The two main issues we’re experiencing are:

  1. A subset of users who successfully logged in to the cluster were not able to open the ondemand page (http://localhost:9090/) and launch the labs. (I tested this personally using their credentials)
    The errors reported include
    Internal Server Error
    502 bad gateway error on the page
    failed to map user
    403 forbidden error on the page

  2. A subset of users who successfully logged in to the cluster and launched the labs received errors as below:
    Service Unavailable
    The server is temporarily unable to service your request due to maintenance downtime or capacity problems. Please try again later.Apache/2.4.29 (Ubuntu) Server at localhost Port 9090

Our workaround for both of these is to
sudo killall nginx
But doing this in the middle of a bootcamp kills all the processes and effects all the users, so we are hoping to find the root of the problem so that we don’t have to resort to these measures.

We are requesting help with this issue. What next steps would you recommend for gathering information or addressing this issue?

The failed to map user 403 forbidden error on the page could be some sssd caching issue. You say that the user has to ssh into the box first, then connect to OOD?

I’d checkout out /var/log/apache2 for the 502 GW error and /var/log/messages our journalctl for some of the 503s.

I’d wonder if some of the 2nd error is load on apache or ulimits. I know apache2 starts with some silly defaults (like MaxKeepAliveRequests 100), maybe tweak these to increase capacity? Also look into the apache event mpm and increasing it’s settings (or the worker mpm if you want simpler config settings).

Also you can have users bookmark localhost:9000/nginx/stop?redir=/pun/sys/dashboard/ so they can restart their own PUNs when required.

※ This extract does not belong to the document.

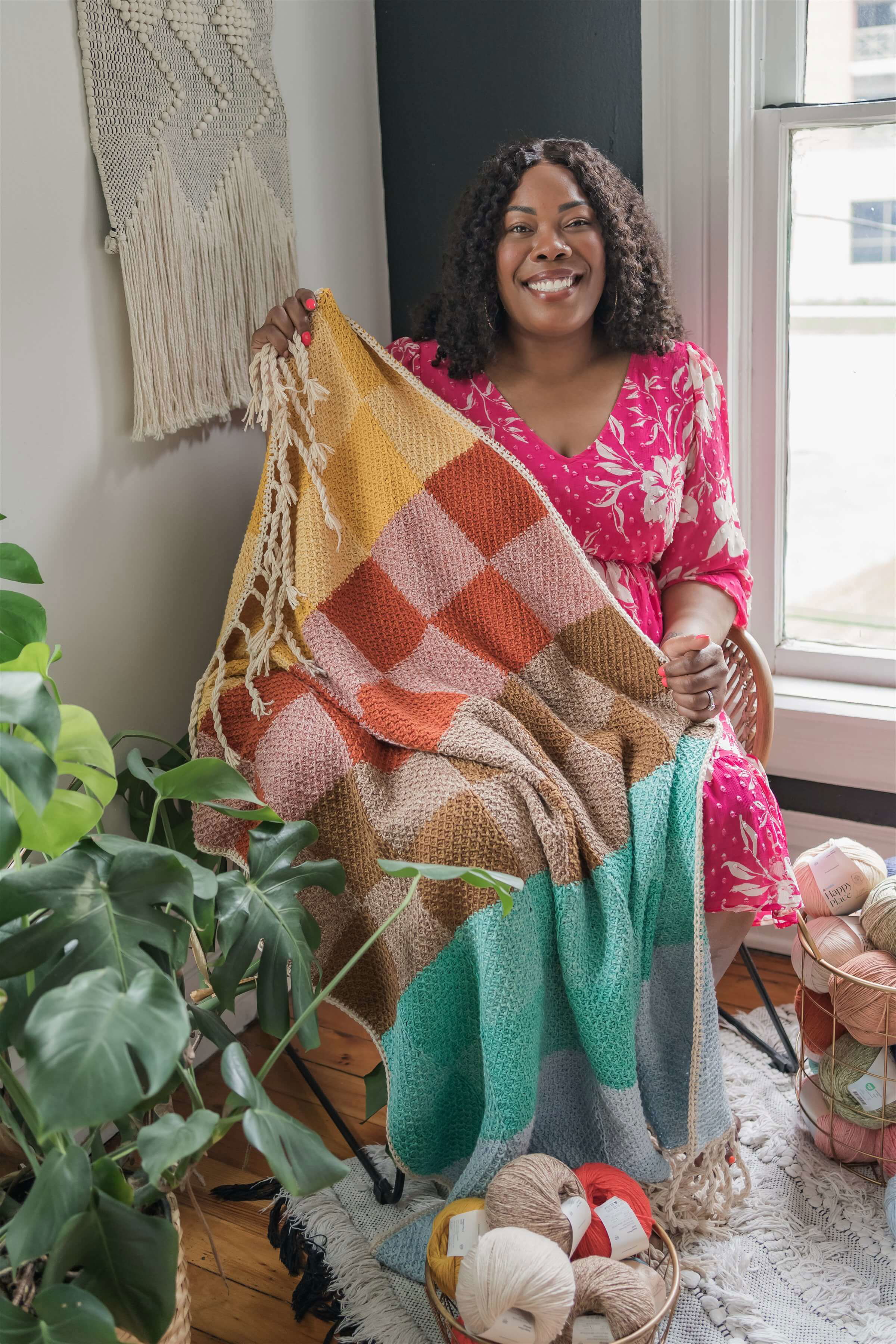 TL Yarn Crafts x Hobbii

Thank you for the recommendations! :slight_smile:

We have actually already updated MaxKeepAliveRequests to 1000 in the past, so I think we are all good there.

We went with your tips to dig into various /var/log/ directories and we found a few errors such as:

From /var/log/ondemand-nginx

[ W 2020-05-21 16:25:55.0089 48255/T3 age/Cor/App/Poo/AnalyticsCollection.cpp:61 ]: ERROR: Cannot fork() a new process: Resource temporarily unavailable (errno=11)

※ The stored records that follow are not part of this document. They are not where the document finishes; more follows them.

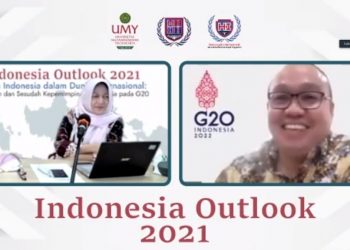 Indonesia Outlook 2021, Menanti Gebrakan pada Presidensi G20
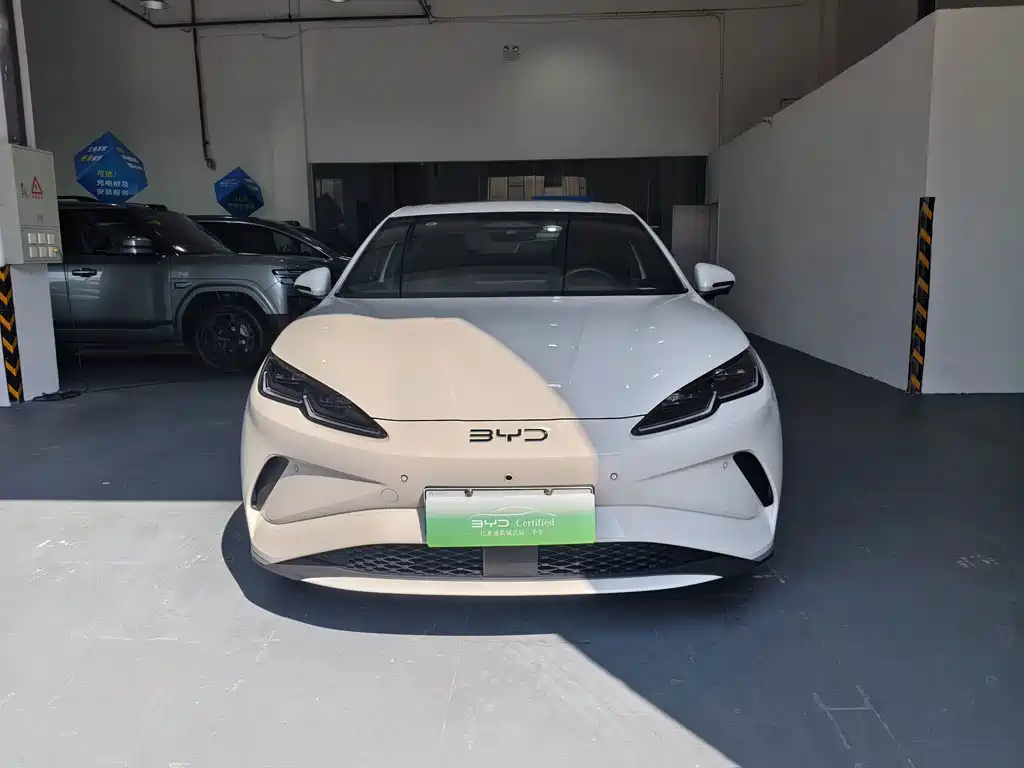 BYD Seal 06 — миниатюра 2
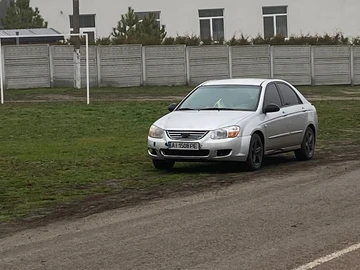Авто KIA Cerato Forte  2008 № 8336807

[ C 2020-05-20 04:56:51.5854 37347/T1 age/Cor/CoreMain.cpp:1342 ]: ERROR: boost::thread_resource_error: Resource temporarily unavailable

From /var/log/apache2

[ (111)Connection refused: AH02454: HTTP: attempt to connect to Unix domain socket /var/run/ondemand-nginx/u00u5sy0nohcJdb8W9357/passenger.sock (*) failed

We think these errors are suggesting that we might be hitting some ulimit resource limits. Any suggestions on how to increase these limits specifically for the OOD processes would be greatly appreciated!

I found that we set this file so root has unlimited processes, so that maybe it because we initialize things as root and then fork into the user.

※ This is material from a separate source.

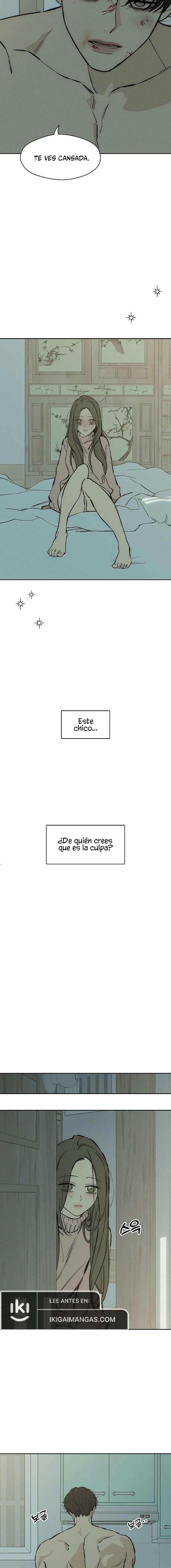 Lágrimas En Las Flores Marchitas Capítulo 40 - Page 19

[~()] 🐯  cat /etc/security/limits.d/20-nproc.conf 
# This file is being maintained by Puppet.
# DO NOT EDIT
*    soft nproc 4096
root soft nproc unlimited

We run RHEL 7.9 and here are my ulimits as regular user. I’m having trouble sudoing into root to see it’s ulimits, but from searching /etc/security/ that’s the only override I came up with, to nproc.

[~()] 🐼  ulimit -a
core file size          (blocks, -c) 0
data seg size           (kbytes, -d) unlimited
scheduling priority             (-e) 0
file size               (blocks, -f) unlimited
pending signals                 (-i) 256899
max locked memory       (kbytes, -l) 64
max memory size         (kbytes, -m) unlimited
open files                      (-n) 1024
pipe size            (512 bytes, -p) 8
POSIX message queues     (bytes, -q) 819200
real-time priority              (-r) 0
stack size              (kbytes, -s) 8192
cpu time               (seconds, -t) unlimited
max user processes              (-u) 4096
virtual memory          (kbytes, -v) unlimited
file locks                      (-x) unlimited